A few weeks ago we had a 2 week spring break between the terms at school. The first week I kept busy around my house, including going for a bike ride with my Deputy Head Teacher. The second week I traveled up north to visit Deborah for a night, one of my nearest neighbors, in Mwansambo, then continue on up to Mzuzu to see Esther! I also attended a Passover party which was fabulous. My first Passover, and it may be one of my favorite holidays yet. We ate a ton of good food, drank some delicious lemongrass-cinnamon and pineapple hooch, and learned a little bit about the history of the Jews in Egypt. There were about 20 volunteers and a bunch of Malawians hanging about. We sat on sleeping bags and mattresses, there were candles and songs...it felt like a cozy family affair. Parts of this country look like Hawaii. I saw baboons on the escarpment. I ate rice and beans at a rasta restaurant. I wondered where the hell I was every 5 seconds. Then Esther and I headed back to Mzuzu (and the Mzoozoozoo, a crazy hostel run by crusty old expats from Britain who remind me of my dad), and her site, which is beautiful. We're going to climb the big hill next to her site one day and camp on top. She had made banana hooch which was delicious. I need to get brewing! And then I headed home. It was a restful holiday, but that didn't mean I was ready for school to start again! And my school is getting all shaken up: my Deputy was promoted, so he's going to leave and be the Head teacher somewhere else. It's good for him, but I'm losing my bike ride buddy, my running partner (his son), and a handful of great girlfriends (his daughters). I'm a little bummed. We've gotten one new teacher and supposedly two more are on their way.

Neighbors!

I have two new 'site mates' (in Niger we just said 'closest neighbor'): Ellie and Erin. Ellie's 6 miles south of me and Erin's about 20k north. Ellie was in Niger, in the group that had just sworn in, so even though I didn't know her at all then, it's nice to have someone so close with whom to reminisce about Niger (and Morocco). Erin's awesome too, and they're both health volunteers so I'm looking forward to collaborating with them on projects in the future. AIDS activities? Murals? Girls Club activities? Bring it on!

AIDS!

A few weekends ago I biked 14k to Makioni (sounds like: macaroni) to see my friend Dave at work. He works for a faith-based HIV/AIDS consortium which does education outreach as well as helping HIV positive people (reminding them to take their meds, in-home care, teaching them skills and helping them get employment, etc. etc.). He and his youth were going to do an outreach at Makioni, but then it turned out nobody there had been told, and it hadn't been advertised, so they decided to bike back to Thavite and an impromptu program at my school. Dave had me get up in front of many of my students and 'say something about AIDS.' Put on the spot, I mumbled something about peer pressure and making your own decisions, and that it's good that we talk about this stuff. I was completely out of my element. Not very much was actually said about AIDS, but Dave did get a lot of hands raised when he asked who would get tested if he had a blood-testing event at the school. It got me really excited to collaborate with him somehow in the future, and serendipitously 2 days later I found myself at an HIV/AIDS training at Senga Bay (or 'Sengambe' as one of my students spelled it). The training turned out to be more of a feedback session for volunteers to voice what HIV/AIDS training and support we would like. The whole week was very inspiring to me: I want to start some sort of Girls Club at my school and start having conversations with my students and doing educational activities about HIV/AIDS, making good decisions, etc. etc. I even dreamed last night that I was educating my students about HIV/AIDS (the four fluids). Crazy.

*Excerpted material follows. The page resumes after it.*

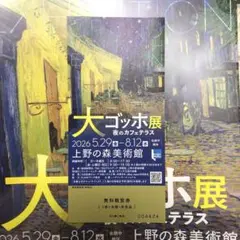 大ゴッホ展 夜のカフェテラス 無料観覧券のサムネイル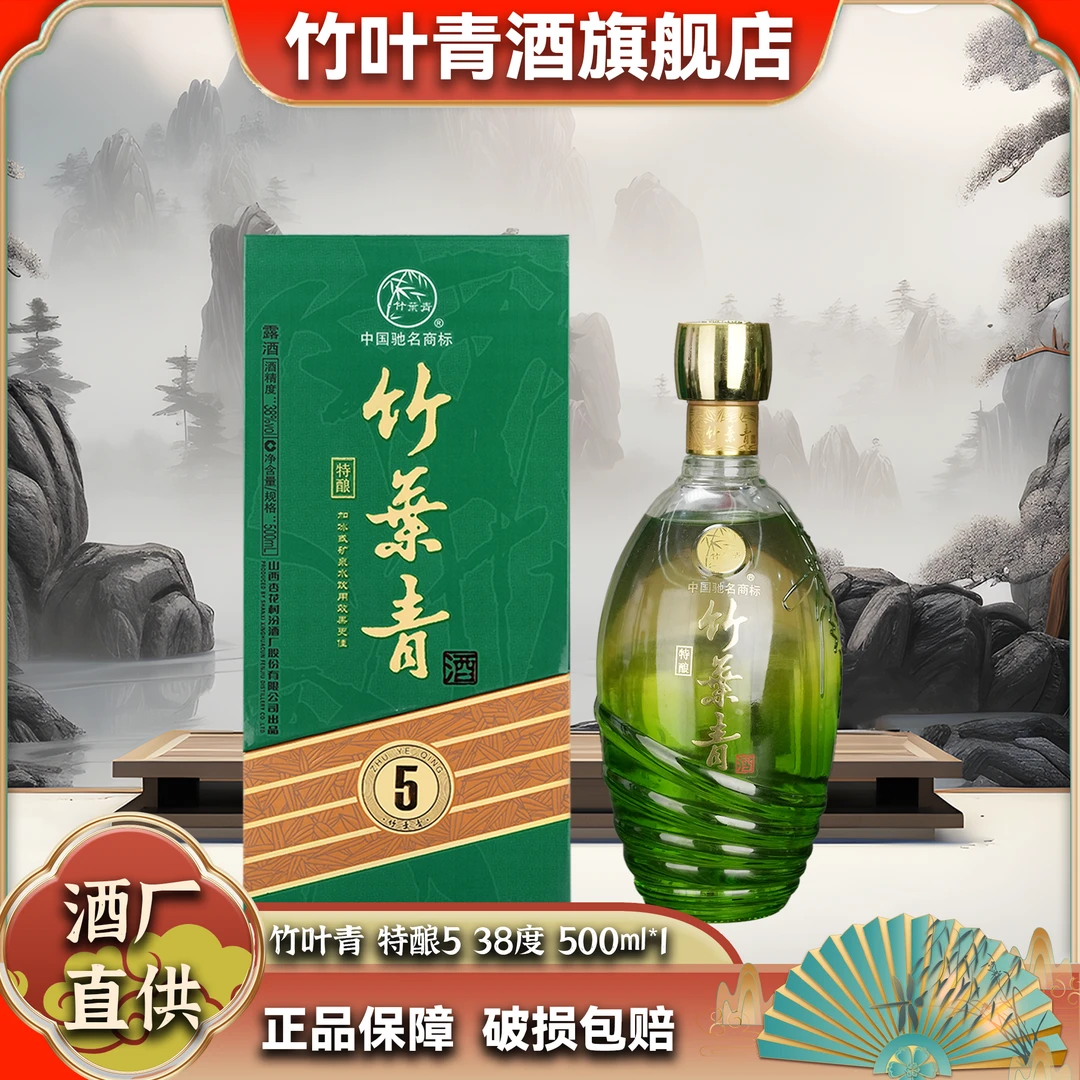 竹叶青酒【送老丈人】【送长辈】竹叶青500mL*1瓶 2013年左右老酒38度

Senga Bay is unbelievable. Gazing out at the lake, (because one doesn't just look at these things, one gazes), drink in hand, friends at my side, and nothing but beach and water in sight (and other lodges, Indians and bwana Malawians on vacation), I thought: 'Where the hell am I?' and 'Niger was nowhere near as beautiful as this.' It's unbelievable how close such luxury is to my site (less than 2 hours), where I'm volunteering to make the world a better place. In Niger we were so far from anything superfluous that it seems strange to me that beachside lodges and near-starving rural people can exist in such proximity. A lot of things seem strange. Like Africans farming tobacco and cotton. I keep thinking of American slaves as I drive by men stuffing cotton into bags, but at least these guys are free, whatever that means. Most of my students, no matter how intelligent they are (and really I can count those on one hand), are never going to go anywhere. They'll probably stay in the same district, and hopefully be able to eke out a living for themselves and their children, probably farming, and hopefully not die of AIDS. I found out that John (my watchman) absorbed two nieces and a nephew into his family when both their parents died of AIDS. That's tragically pretty common here. And hearing about Malawi's funding problems for ARVs, (they're going to stop getting them in 2 years because they weren't giving them out correctly), it makes me give thanks that I'm an American, even with our shitty health care system. (Forgive me, I've been out of the country for awhile...is it getting any better?)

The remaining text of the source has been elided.